■ WHAT TO WORK ON ■
Print the data exactly. Omit the pictures.

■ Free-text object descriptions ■
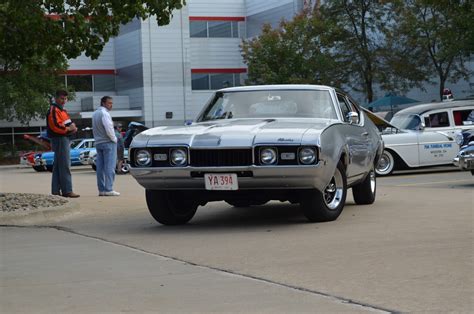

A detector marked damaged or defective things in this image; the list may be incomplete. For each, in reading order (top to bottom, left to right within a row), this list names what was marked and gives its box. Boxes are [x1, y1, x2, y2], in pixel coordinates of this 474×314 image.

pavement crack [2, 224, 400, 312]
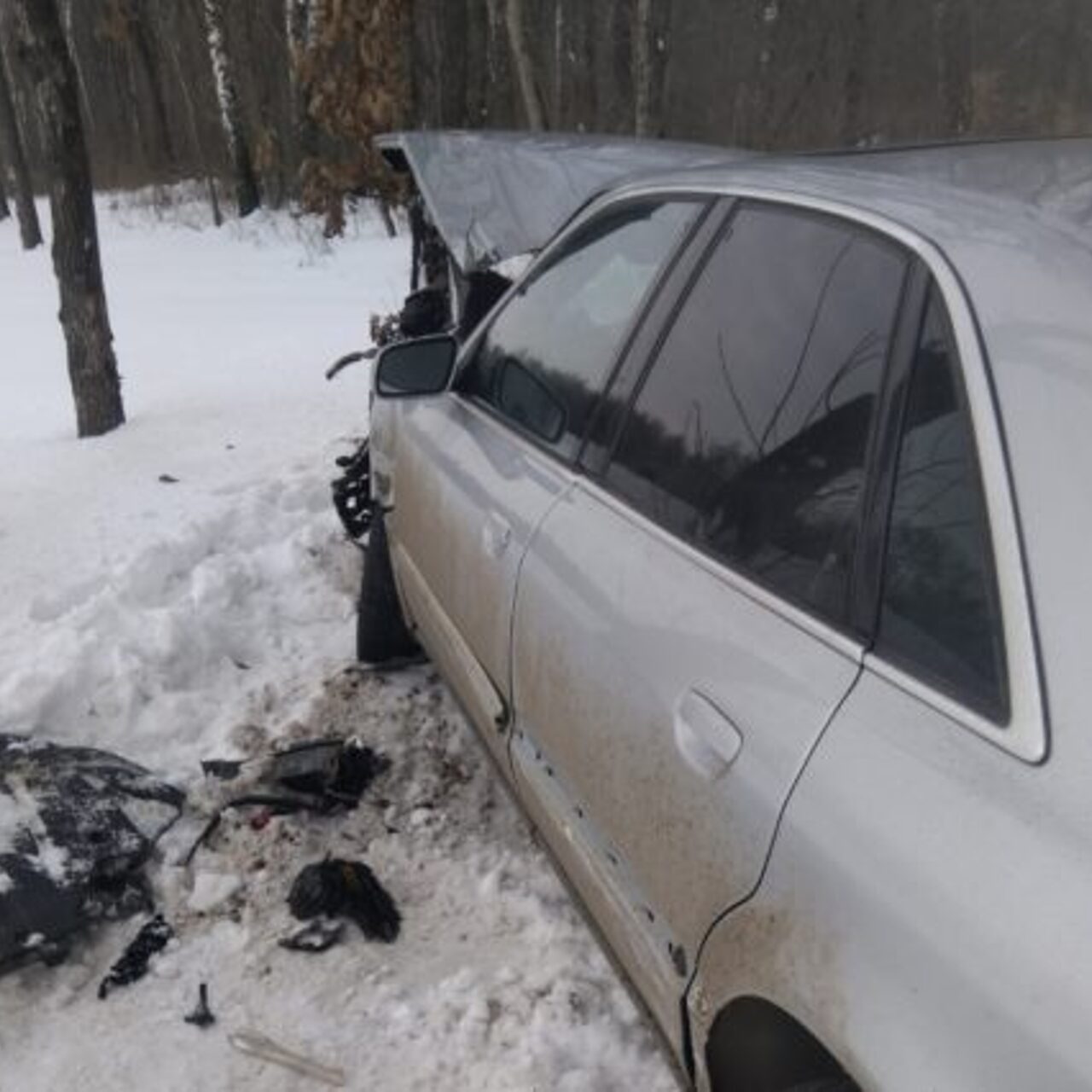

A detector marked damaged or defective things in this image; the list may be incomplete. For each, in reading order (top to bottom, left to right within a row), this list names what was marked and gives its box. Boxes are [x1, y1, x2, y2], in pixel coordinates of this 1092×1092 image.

crumpled hood [377, 129, 751, 271]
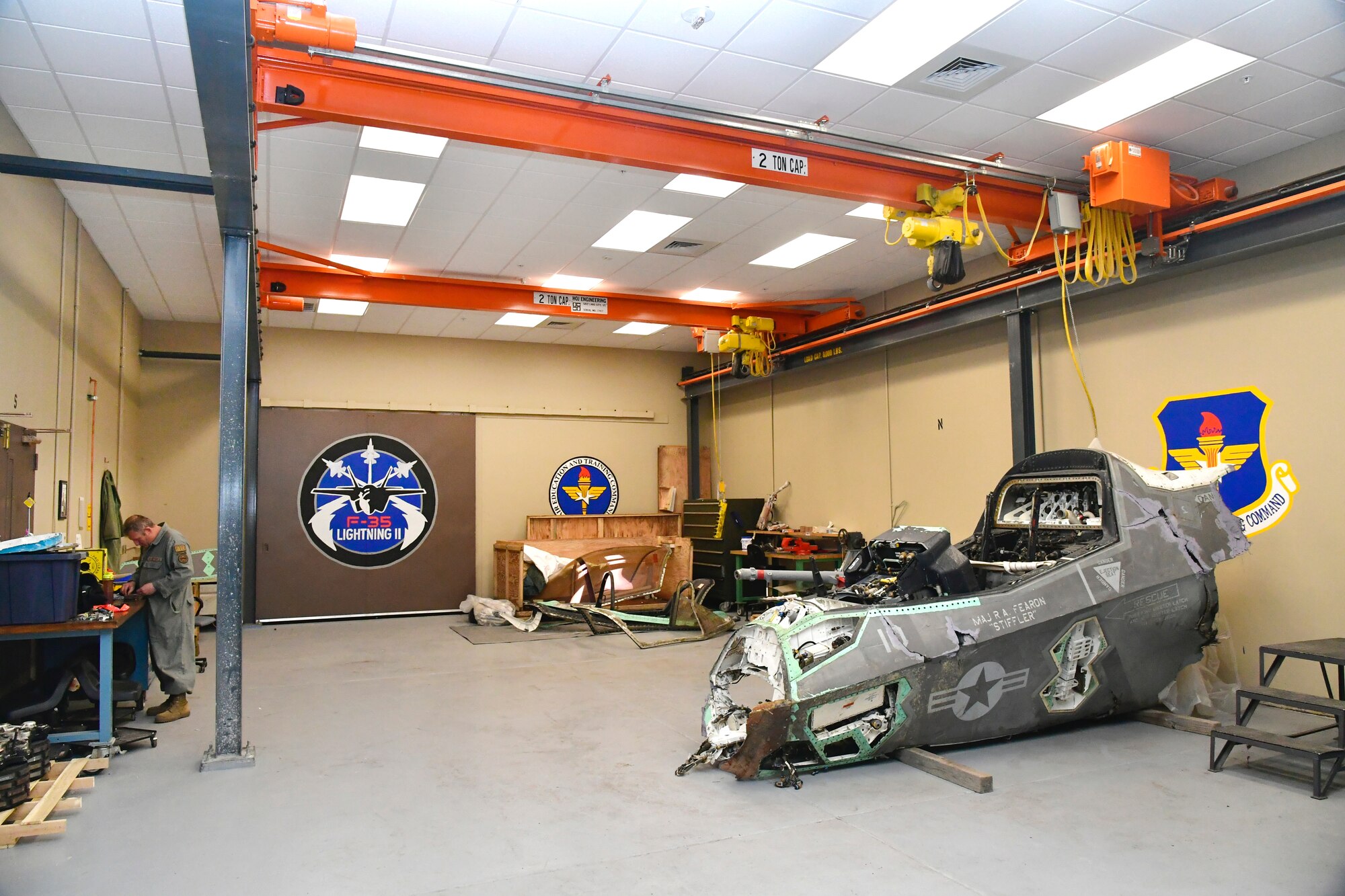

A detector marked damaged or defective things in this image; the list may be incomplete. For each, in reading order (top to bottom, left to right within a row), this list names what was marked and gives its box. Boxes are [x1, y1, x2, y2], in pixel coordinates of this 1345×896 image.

damaged aircraft panel [683, 446, 1248, 780]
wrecked f-35 cockpit section [678, 446, 1254, 780]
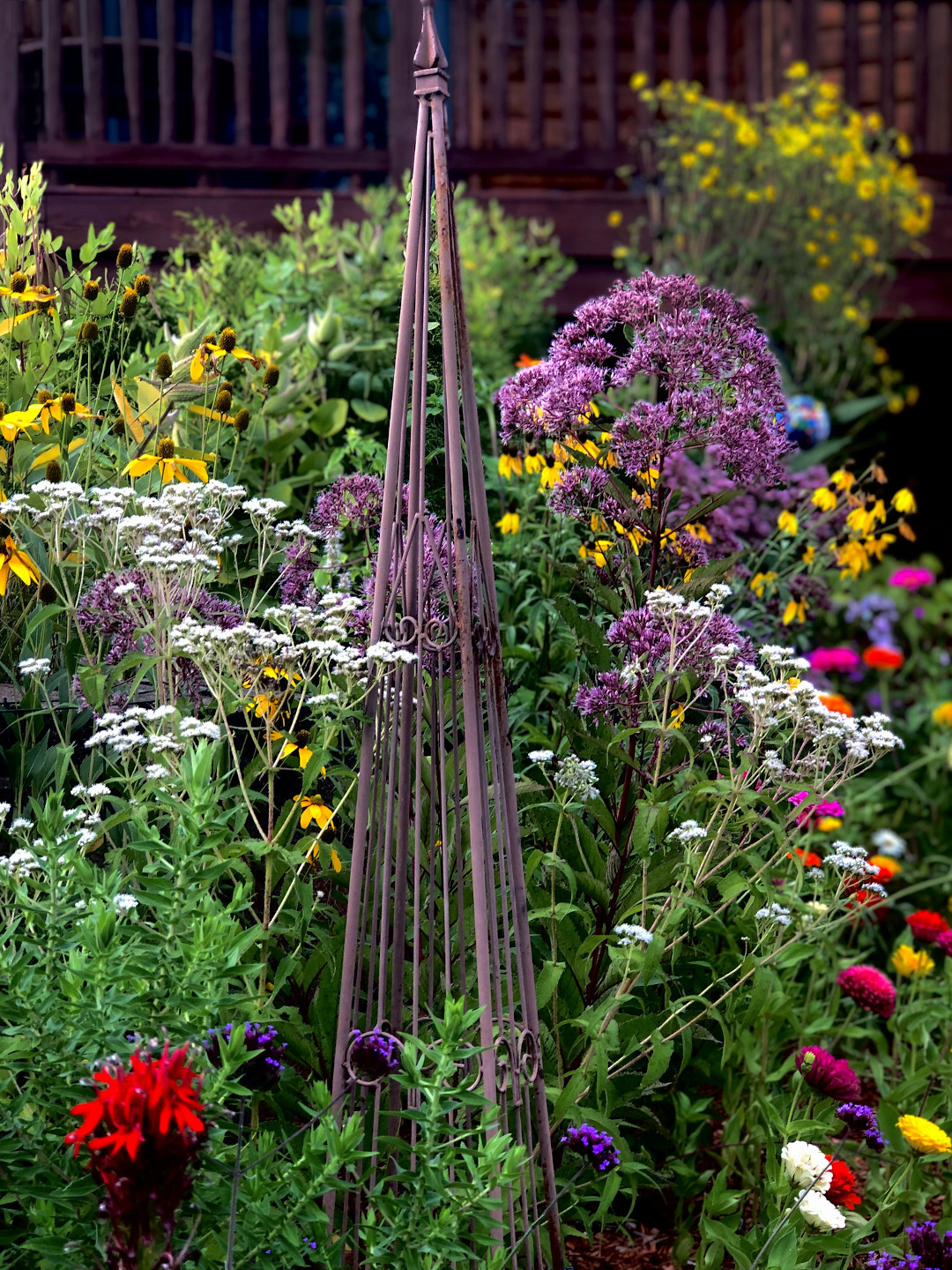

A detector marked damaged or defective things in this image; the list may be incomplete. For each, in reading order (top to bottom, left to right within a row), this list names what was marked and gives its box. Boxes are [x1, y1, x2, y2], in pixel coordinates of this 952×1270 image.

rusty metal trellis [332, 4, 563, 1265]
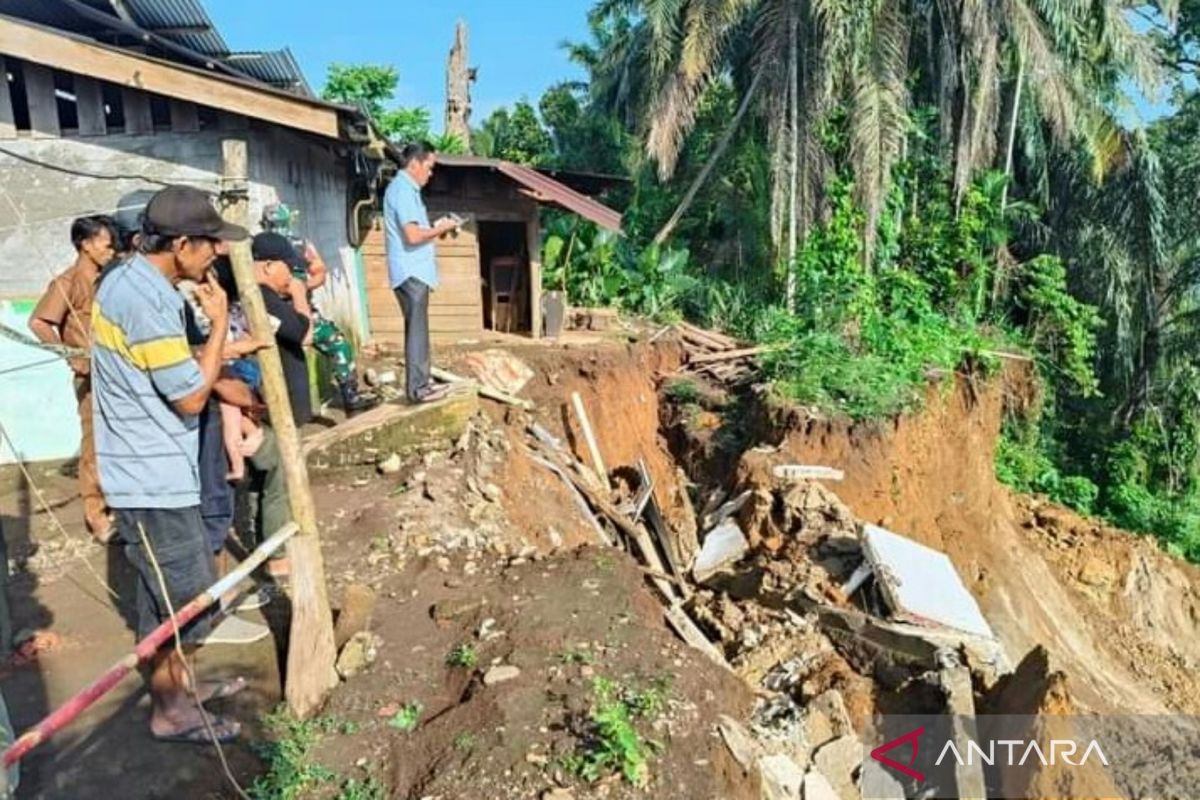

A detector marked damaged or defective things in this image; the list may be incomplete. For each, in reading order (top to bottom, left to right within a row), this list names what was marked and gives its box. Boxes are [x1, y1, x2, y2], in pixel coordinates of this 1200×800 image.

rusty metal roof sheet [441, 154, 628, 232]
broken concrete slab [304, 393, 477, 472]
broken concrete slab [696, 520, 748, 582]
broken concrete slab [864, 522, 993, 642]
broken concrete slab [758, 758, 806, 800]
broken concrete slab [811, 738, 859, 800]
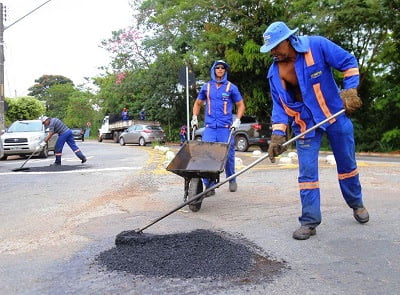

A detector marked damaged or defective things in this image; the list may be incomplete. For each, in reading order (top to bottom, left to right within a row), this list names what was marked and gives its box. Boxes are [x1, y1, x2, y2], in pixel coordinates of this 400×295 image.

fresh asphalt patch [95, 230, 286, 284]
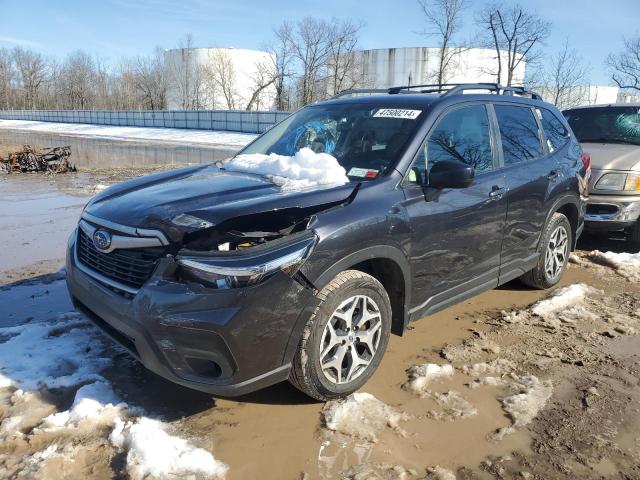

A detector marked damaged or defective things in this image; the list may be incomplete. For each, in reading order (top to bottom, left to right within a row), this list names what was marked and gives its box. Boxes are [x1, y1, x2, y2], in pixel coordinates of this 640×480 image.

dented hood [83, 164, 358, 237]
broken headlight [176, 233, 316, 288]
damaged front bumper [65, 229, 318, 398]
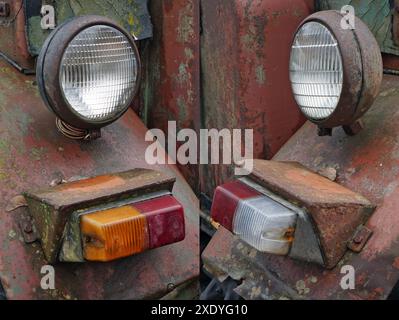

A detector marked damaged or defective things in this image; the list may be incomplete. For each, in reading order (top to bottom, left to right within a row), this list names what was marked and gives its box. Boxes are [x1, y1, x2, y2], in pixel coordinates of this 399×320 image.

clear broken lens [60, 25, 140, 121]
rusty metal panel [0, 59, 200, 300]
rusty metal panel [141, 0, 203, 192]
rusty metal panel [202, 0, 314, 199]
rusty metal panel [205, 74, 399, 298]
clear broken lens [290, 21, 346, 121]
rusty metal panel [318, 0, 399, 55]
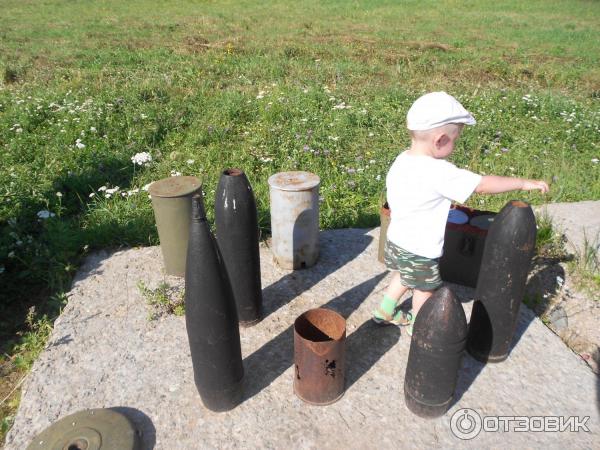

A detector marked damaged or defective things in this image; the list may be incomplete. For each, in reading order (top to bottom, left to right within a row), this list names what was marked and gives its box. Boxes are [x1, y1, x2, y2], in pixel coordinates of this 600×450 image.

rusty metal canister [148, 175, 202, 274]
rusty tin cylinder [149, 177, 203, 276]
rusty metal canister [186, 193, 245, 412]
rusty metal canister [216, 167, 262, 326]
rusty tin cylinder [268, 171, 322, 268]
rusty metal canister [268, 171, 322, 268]
rusty tin cylinder [292, 308, 344, 406]
rusty metal canister [294, 308, 346, 406]
rusty metal canister [404, 288, 468, 418]
rusty tin cylinder [404, 286, 468, 420]
rusty metal canister [466, 200, 536, 362]
rusty tin cylinder [466, 200, 536, 362]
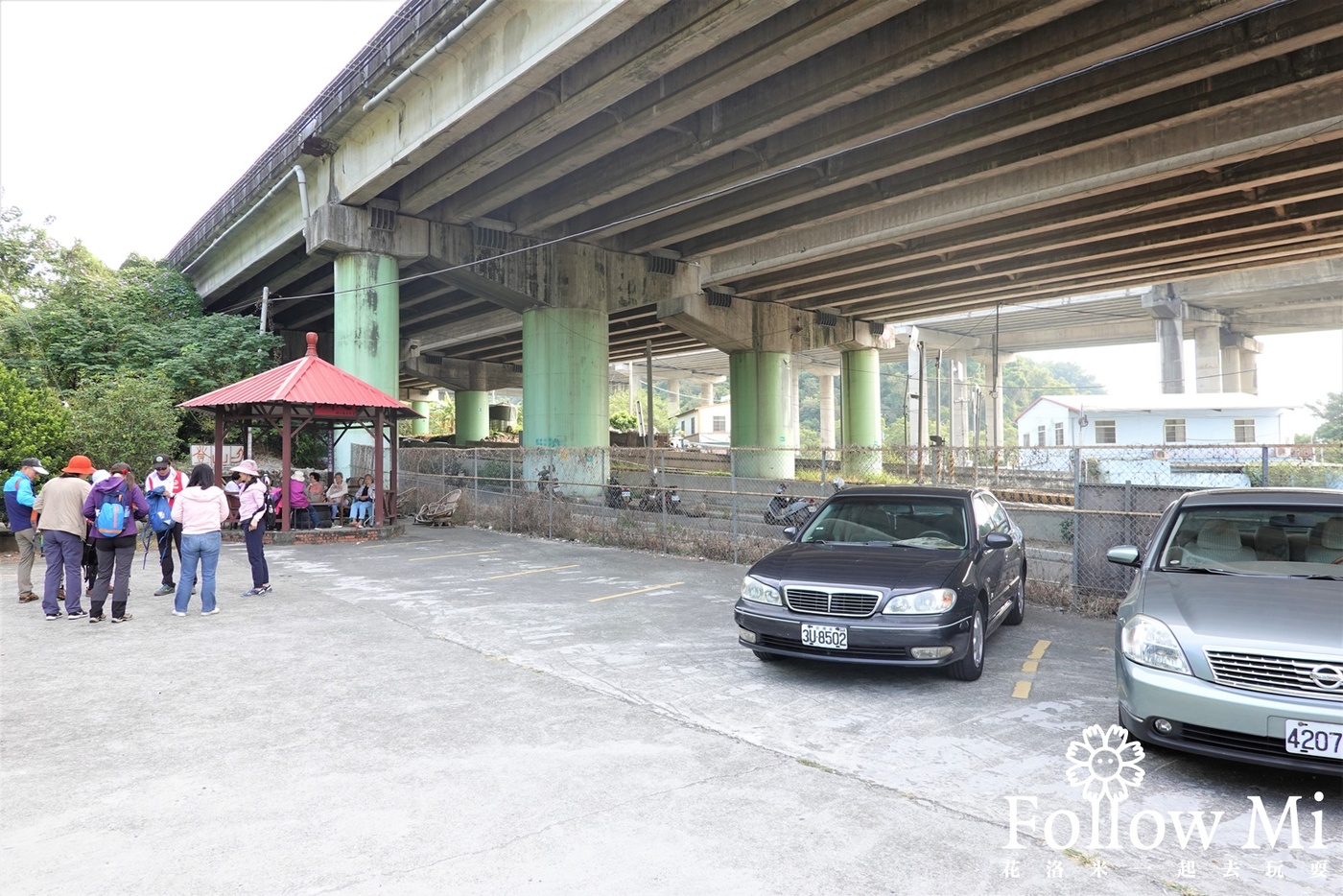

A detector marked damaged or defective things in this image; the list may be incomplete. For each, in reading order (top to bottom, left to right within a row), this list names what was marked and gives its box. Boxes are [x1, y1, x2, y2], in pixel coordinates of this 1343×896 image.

■ PROBLEM SOLUTION ■
A detector marked damaged or defective things in this image; the list may be incomplete. For each, in reading order (top to bottom, left to right within a row), this list names what was marked and gives its box. Boxes are [x1, y1, x2, y2], in pixel coordinates of this 474×314 image.

pavement crack [2, 224, 400, 312]

A detector marked damaged or defective things in this image; the list may be incomplete. For each, in reading order (top to bottom, left to right within a row), this list names what was marked and gives its box. Boxes are [x1, y1, x2, y2], in pixel coordinates of this 1092×1092 image.

crumpled hood [377, 129, 751, 271]

A detector marked damaged or defective things in this image; the list may be incomplete. For each, in reading order (top to bottom, left to right within a row), this list names what was marked and gives its box. Boxes are [x1, y1, x2, y2], in pixel coordinates of this 1345×896 image.

damaged aircraft panel [683, 446, 1248, 780]
wrecked f-35 cockpit section [678, 446, 1254, 780]

A detector marked damaged or defective things in this image; the list may be incomplete. For each, in reading order (top to bottom, left to right within a row), this list names what was marked and gives its box. Boxes are [x1, y1, x2, y2], in pixel coordinates of this 952×1270 image.

rusty metal trellis [332, 4, 563, 1265]

A detector marked damaged or defective things in this image; the list may be incomplete. For each, in reading order (top to bottom, left to right within a row), this list names what was marked and gives its box. Boxes are [x1, y1, x2, y2], in pixel coordinates of this 1200×800 image.

rusty metal roof sheet [441, 154, 628, 232]
broken concrete slab [304, 393, 477, 472]
broken concrete slab [696, 520, 748, 582]
broken concrete slab [864, 522, 993, 642]
broken concrete slab [758, 758, 806, 800]
broken concrete slab [811, 738, 859, 800]

A detector marked damaged or defective things in this image; the list may be incomplete. For each, in reading order (top to bottom, left to right within a row), this list names what was marked and gives its box. Boxes are [x1, y1, x2, y2], in pixel coordinates of this 400×295 image.

fresh asphalt patch [95, 230, 286, 284]

A detector marked damaged or defective things in this image; the list may be incomplete. For each, in reading order (top to bottom, left to right within a row), this list names what was marked and gives its box. Boxes are [x1, y1, x2, y2], in pixel coordinates of this 640×480 image.

dented hood [83, 164, 358, 237]
broken headlight [176, 233, 316, 288]
damaged front bumper [65, 229, 318, 398]

A detector marked damaged or defective things in this image; the list may be incomplete. For each, in reading order (top to bottom, left to right within a row), this list names what was marked and gives its box. Boxes are [x1, y1, x2, y2], in pixel coordinates of this 399×320 image.

clear broken lens [60, 25, 140, 121]
rusty metal panel [0, 59, 200, 300]
rusty metal panel [141, 0, 203, 192]
rusty metal panel [202, 0, 314, 199]
rusty metal panel [205, 74, 399, 298]
clear broken lens [290, 21, 346, 121]
rusty metal panel [318, 0, 399, 55]

A detector marked damaged or defective things in this image; the list may be incomplete. For each, in reading order (top to bottom, left to right within a row), this list names what was marked and gives its box. Boxes are [x1, y1, x2, y2], in pixel coordinates of this 600×450 image.

rusty metal canister [148, 175, 202, 274]
rusty tin cylinder [149, 177, 203, 276]
rusty metal canister [186, 193, 245, 412]
rusty metal canister [216, 167, 262, 326]
rusty tin cylinder [268, 171, 322, 268]
rusty metal canister [268, 171, 322, 268]
rusty tin cylinder [292, 308, 344, 406]
rusty metal canister [294, 308, 346, 406]
rusty metal canister [404, 288, 468, 418]
rusty tin cylinder [404, 286, 468, 420]
rusty metal canister [466, 200, 536, 362]
rusty tin cylinder [466, 200, 536, 362]

A detector marked damaged or defective things in this image; the list may be incomplete. For each, in reading order (top to bottom, left to right within a row), this list names what was marked and gives its box. Boxes are [x1, y1, x2, y2], in pixel coordinates of this 1343×896 image.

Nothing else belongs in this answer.